As we presented in our newsletter on 2021 changes in tax regulations, the VAT e-commerce package will enter into force as of 1 July 2021. As a part of the package, the new concepts of intra-Community distance sales and distance sales of imported goods will be introduced, the VAT exemption for low-value import consignments will be abolished, and a new form of tax liability will be introduced for Digital Platforms that facilitate the sale of another taxable person’s products by an electronic interface. Parallel with these changes, the current ‘one-stop-shop’ scheme will be extended, so that the taxable persons will not be obliged to register for VAT in each Member State where consumers are established. In our current article, we would like to summarize the most important changes from a practical point of view.
As of July 2021, the VAT exemption at importation of small consignments up to EUR 22 will be removed. The customs duty relief for goods with an intrinsic value not exceeding EUR 150 imported into the EU (with the exception of couple of products, e.g. perfumes, alcoholic products) remains in place. For these small-value imports, a standard customs declaration with super reduced dataset will be applicable.

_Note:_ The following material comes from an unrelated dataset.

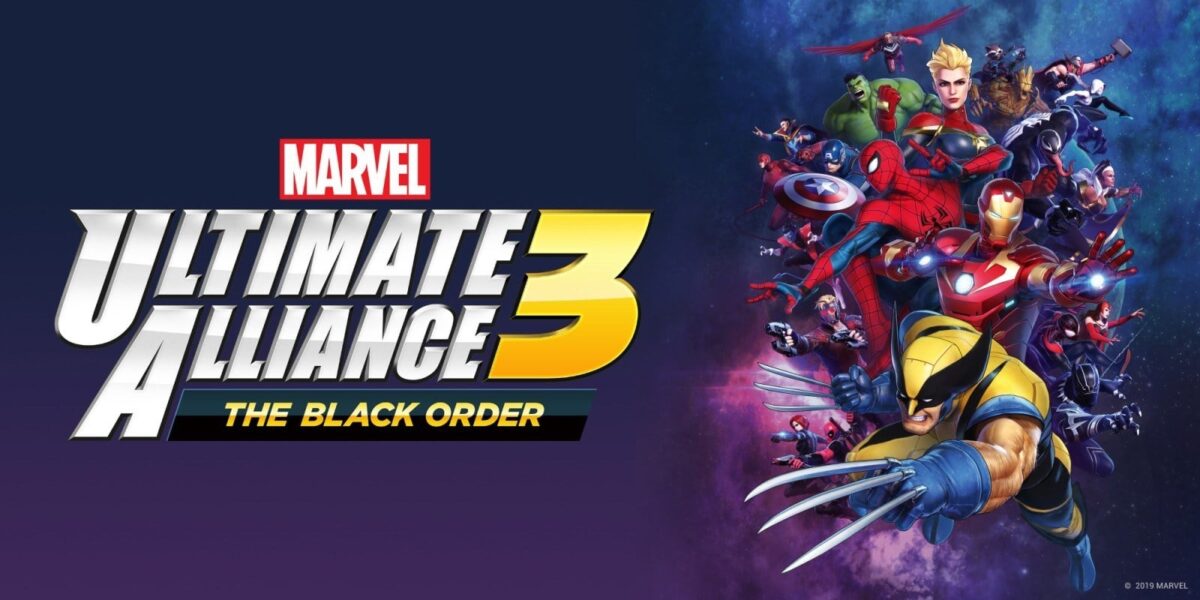 Marvel Ultimate Alliance 3 The Black Order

In general, distance sale means a cross-border B2C supply of goods whereby the goods are dispatched or transported by or on behalf of the seller identified for VAT purposes in one Member State and the goods are delivered to the domestic territory of another Member State to a customer who will not be liable to pay VAT on intra-Community Acquisition of goods. From 1 July 2021, the threshold for distance sales, which changes its name to ‘intra-Community distance sales’, becomes EUR 10 000 per year and it covers all distance sales of goods to customers by a single seller in all EU Member States. The previous annual EUR 35 000 (or EUR 100 000) distance sales threshold for each Member State will no longer apply. If the seller will not reach the threshold, the place of supply of goods will remain in the Member State from where the goods are dispatched, therefore the VAT rates of that Member State will apply. However, the seller, upon his announcement to be made to the tax authorities, may opt for the place of taxation in the Member State of destination, but this decision will be binding until the end of the second subsequent calendar year proceeding the year of announcement.
The lower threshold will expectedly result in increasing the number of cases where the seller would be obliged to fulfil the VAT liability in the Member State of destination. Nonetheless, the new schemes of ‘one-stop-shop’, detailed below, will provide exemption from registration.

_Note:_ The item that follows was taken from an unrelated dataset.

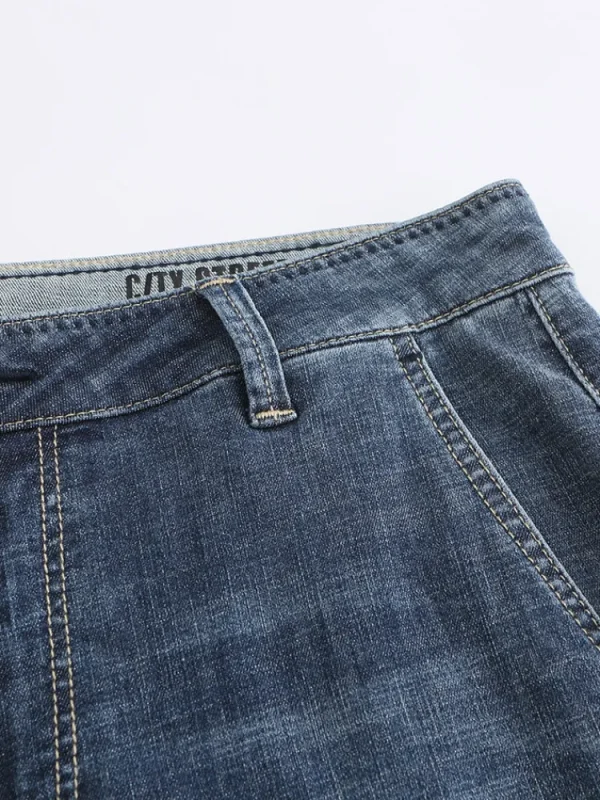 SEMIR Men's Lycra Fit Pants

Since most of the small consignments imported from third countries are purchased through different electronic interfaces, the legislator introduces VAT liability for the operator of certain electronic interfaces. The new rules will cover electronic interfaces facilitating intra-Community distance sales by a non-EU established seller or distance sales of imported goods in consignments of an intrinsic value not exceeding EUR 150.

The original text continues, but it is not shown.